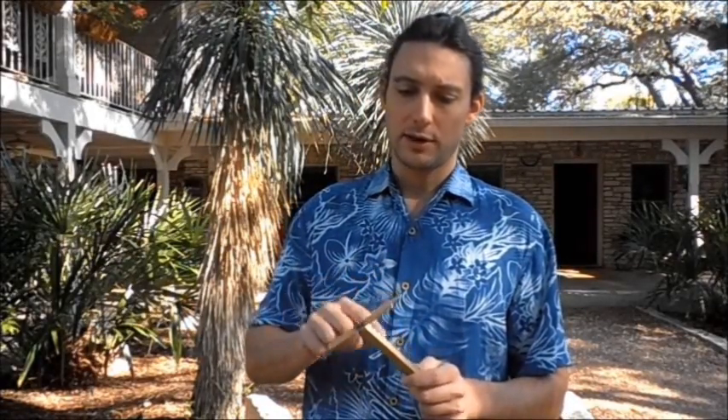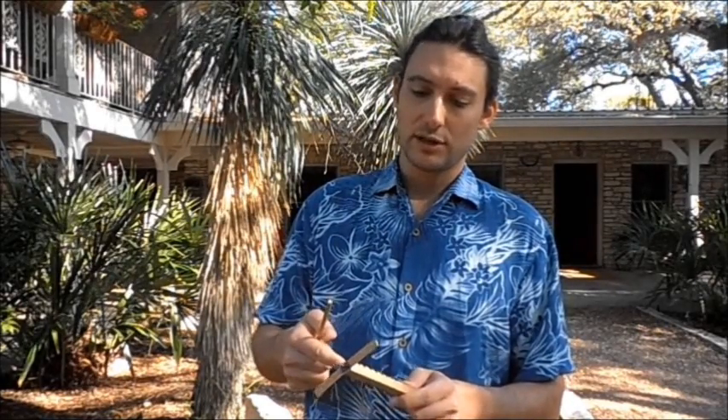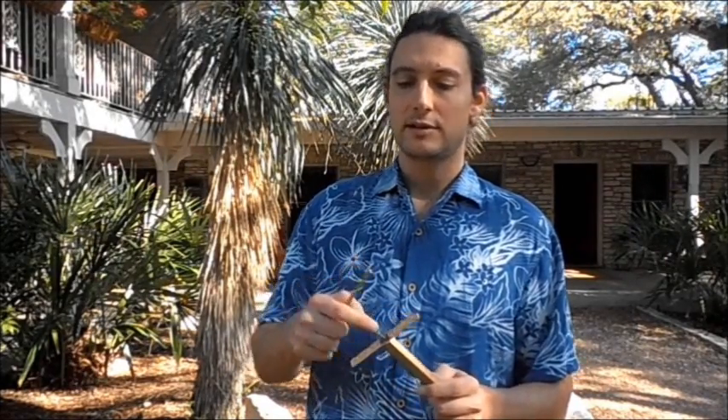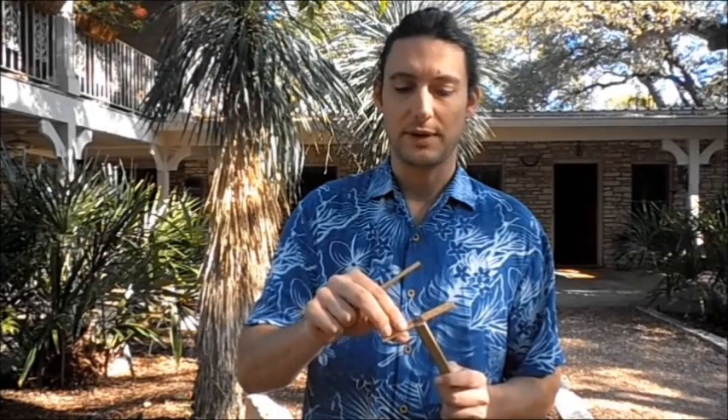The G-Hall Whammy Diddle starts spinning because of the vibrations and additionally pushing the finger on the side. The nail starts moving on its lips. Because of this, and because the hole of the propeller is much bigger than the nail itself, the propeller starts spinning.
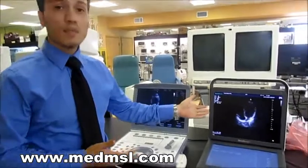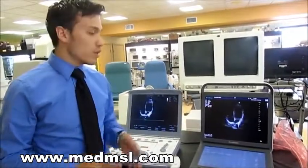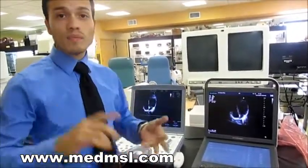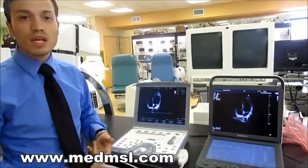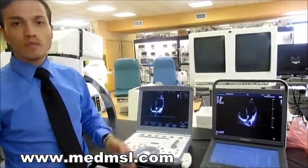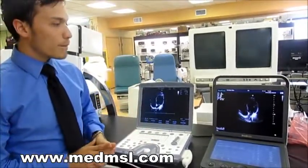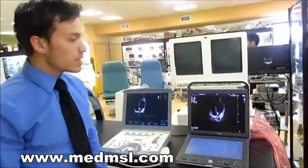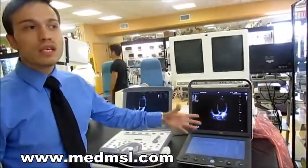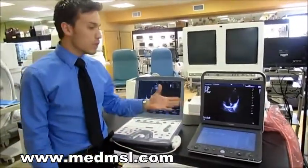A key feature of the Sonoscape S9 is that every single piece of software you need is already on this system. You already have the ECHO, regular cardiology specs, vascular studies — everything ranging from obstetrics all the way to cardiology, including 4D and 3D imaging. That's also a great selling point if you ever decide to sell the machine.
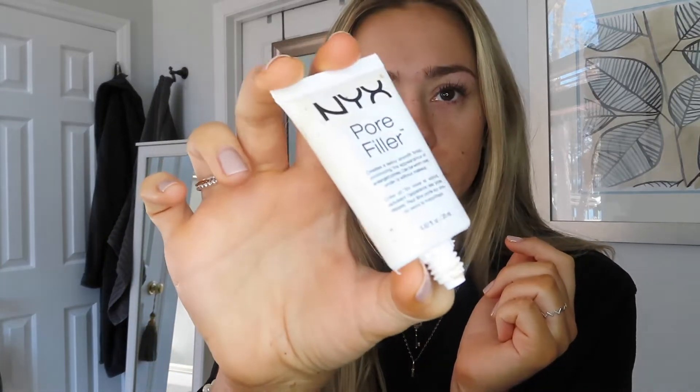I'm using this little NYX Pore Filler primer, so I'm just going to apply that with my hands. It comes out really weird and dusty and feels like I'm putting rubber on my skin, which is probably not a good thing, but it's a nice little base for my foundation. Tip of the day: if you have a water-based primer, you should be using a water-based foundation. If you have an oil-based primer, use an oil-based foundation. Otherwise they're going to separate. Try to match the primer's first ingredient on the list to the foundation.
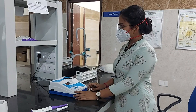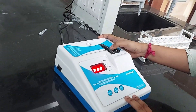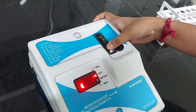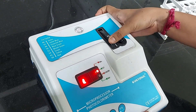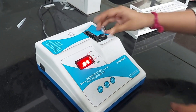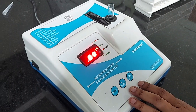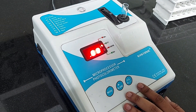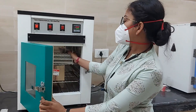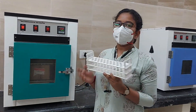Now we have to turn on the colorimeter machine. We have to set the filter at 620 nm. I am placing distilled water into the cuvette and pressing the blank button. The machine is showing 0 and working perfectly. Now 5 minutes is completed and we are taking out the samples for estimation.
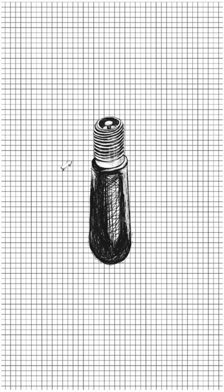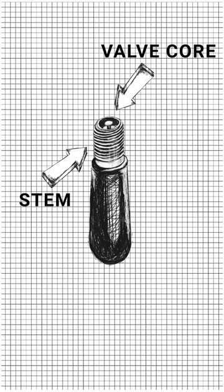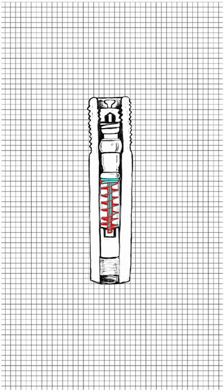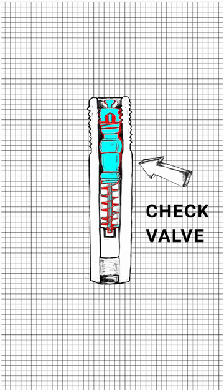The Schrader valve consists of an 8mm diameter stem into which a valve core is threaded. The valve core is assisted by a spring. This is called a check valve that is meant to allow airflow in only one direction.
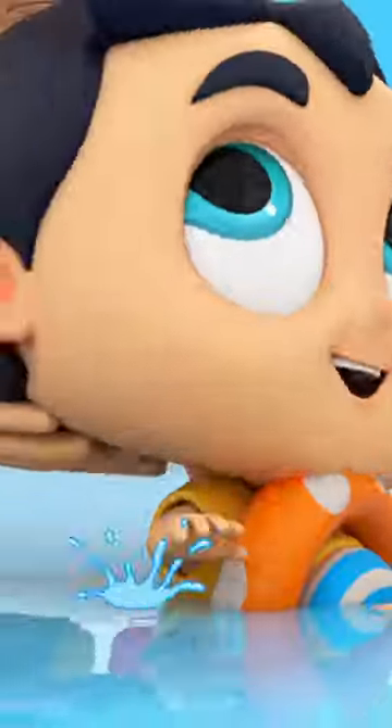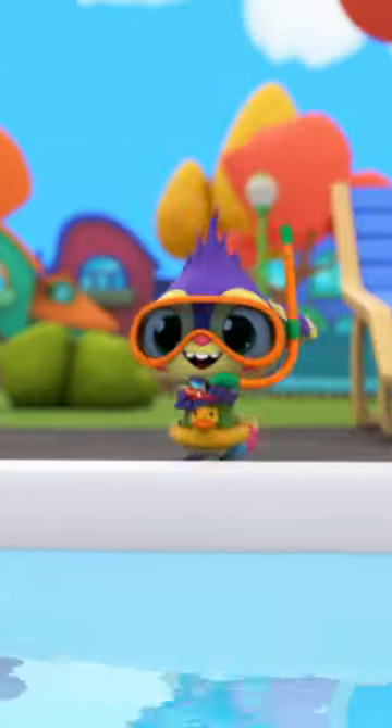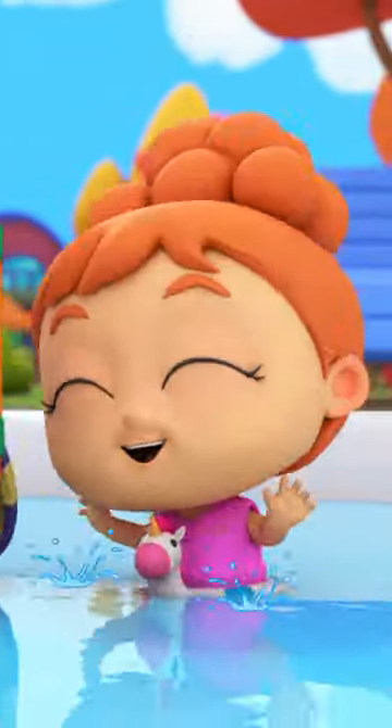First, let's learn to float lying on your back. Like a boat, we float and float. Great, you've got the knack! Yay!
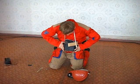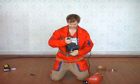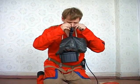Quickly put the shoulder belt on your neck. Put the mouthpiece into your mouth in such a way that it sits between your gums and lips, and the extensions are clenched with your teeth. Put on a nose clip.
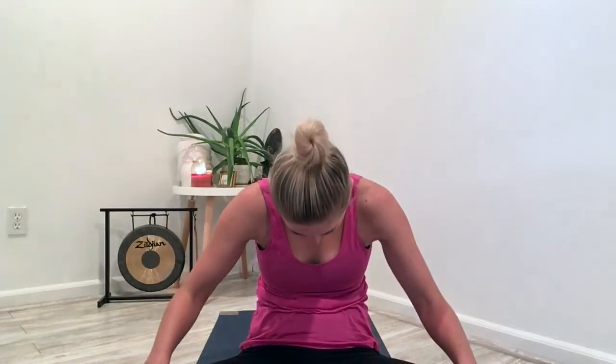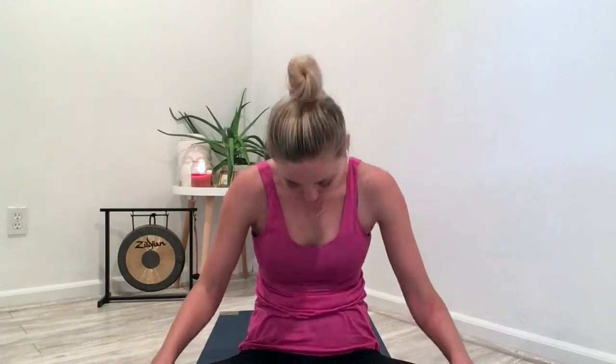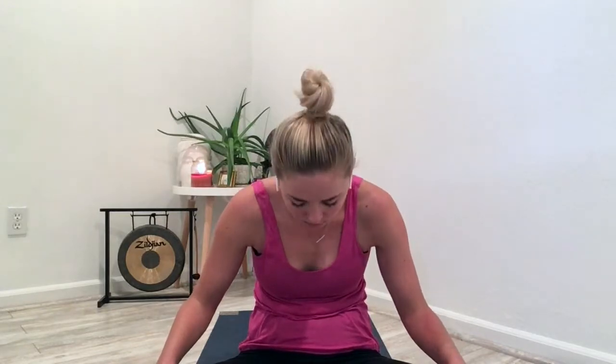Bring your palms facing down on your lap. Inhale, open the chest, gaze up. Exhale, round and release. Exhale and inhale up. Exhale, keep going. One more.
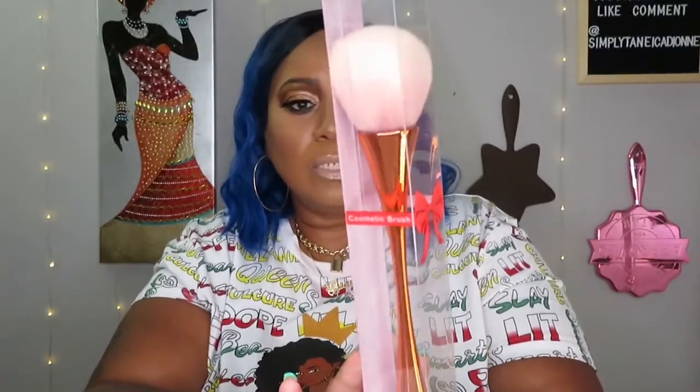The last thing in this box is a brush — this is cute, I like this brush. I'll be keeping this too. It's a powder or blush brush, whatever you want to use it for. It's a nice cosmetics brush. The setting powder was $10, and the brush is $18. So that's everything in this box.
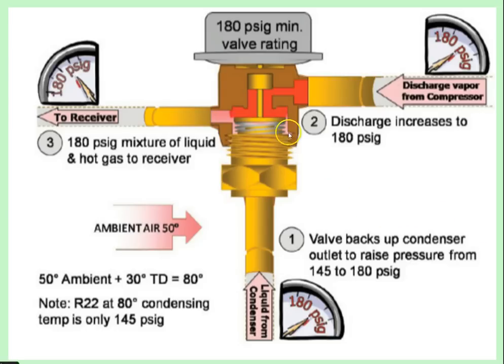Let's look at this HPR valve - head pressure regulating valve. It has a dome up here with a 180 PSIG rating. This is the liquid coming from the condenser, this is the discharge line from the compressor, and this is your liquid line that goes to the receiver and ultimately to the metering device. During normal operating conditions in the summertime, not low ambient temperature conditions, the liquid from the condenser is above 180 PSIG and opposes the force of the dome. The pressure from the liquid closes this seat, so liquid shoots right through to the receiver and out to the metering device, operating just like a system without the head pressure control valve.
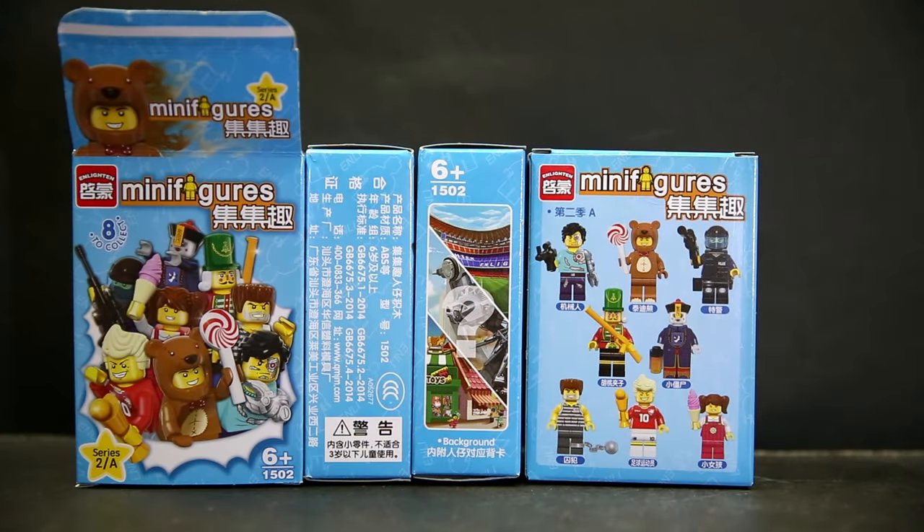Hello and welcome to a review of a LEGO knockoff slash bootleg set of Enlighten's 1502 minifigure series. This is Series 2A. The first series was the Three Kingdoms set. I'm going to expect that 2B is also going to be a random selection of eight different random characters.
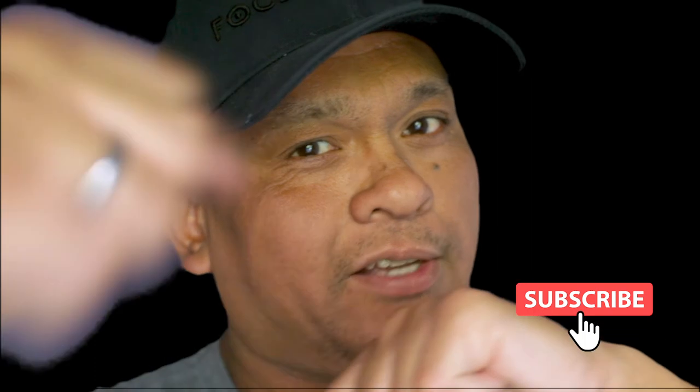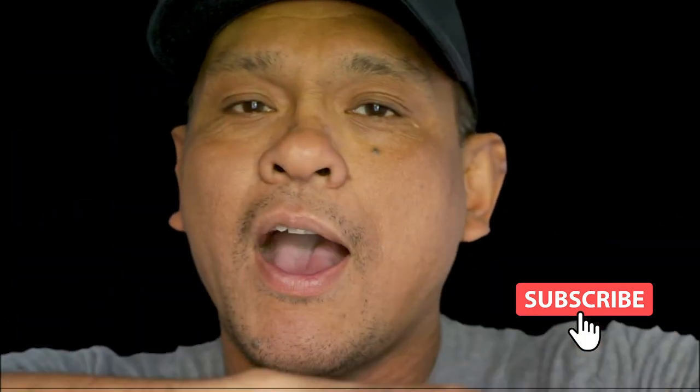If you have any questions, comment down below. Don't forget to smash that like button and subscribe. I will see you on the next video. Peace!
________
--- What to produce ---
Set down every entry above verbatim, without pictures.

--- Solution to the problem ---
The G-Hall Whammy Diddle starts spinning because of the vibrations and additionally pushing the finger on the side. The nail starts moving on its lips. Because of this, and because the hole of the propeller is much bigger than the nail itself, the propeller starts spinning.
A key feature of the Sonoscape S9 is that every single piece of software you need is already on this system. You already have the ECHO, regular cardiology specs, vascular studies — everything ranging from obstetrics all the way to cardiology, including 4D and 3D imaging. That's also a great selling point if you ever decide to sell the machine.
I'm using this little NYX Pore Filler primer, so I'm just going to apply that with my hands. It comes out really weird and dusty and feels like I'm putting rubber on my skin, which is probably not a good thing, but it's a nice little base for my foundation. Tip of the day: if you have a water-based primer, you should be using a water-based foundation. If you have an oil-based primer, use an oil-based foundation. Otherwise they're going to separate. Try to match the primer's first ingredient on the list to the foundation.
Now we have to turn on the colorimeter machine. We have to set the filter at 620 nm. I am placing distilled water into the cuvette and pressing the blank button. The machine is showing 0 and working perfectly. Now 5 minutes is completed and we are taking out the samples for estimation.
The Schrader valve consists of an 8mm diameter stem into which a valve core is threaded. The valve core is assisted by a spring. This is called a check valve that is meant to allow airflow in only one direction.
First, let's learn to float lying on your back. Like a boat, we float and float. Great, you've got the knack! Yay!
Quickly put the shoulder belt on your neck. Put the mouthpiece into your mouth in such a way that it sits between your gums and lips, and the extensions are clenched with your teeth. Put on a nose clip.
Bring your palms facing down on your lap. Inhale, open the chest, gaze up. Exhale, round and release. Exhale and inhale up. Exhale, keep going. One more.
The last thing in this box is a brush — this is cute, I like this brush. I'll be keeping this too. It's a powder or blush brush, whatever you want to use it for. It's a nice cosmetics brush. The setting powder was $10, and the brush is $18. So that's everything in this box.
Let's look at this HPR valve - head pressure regulating valve. It has a dome up here with a 180 PSIG rating. This is the liquid coming from the condenser, this is the discharge line from the compressor, and this is your liquid line that goes to the receiver and ultimately to the metering device. During normal operating conditions in the summertime, not low ambient temperature conditions, the liquid from the condenser is above 180 PSIG and opposes the force of the dome. The pressure from the liquid closes this seat, so liquid shoots right through to the receiver and out to the metering device, operating just like a system without the head pressure control valve.
Hello and welcome to a review of a LEGO knockoff slash bootleg set of Enlighten's 1502 minifigure series. This is Series 2A. The first series was the Three Kingdoms set. I'm going to expect that 2B is also going to be a random selection of eight different random characters.
If you have any questions, comment down below. Don't forget to smash that like button and subscribe. I will see you on the next video. Peace!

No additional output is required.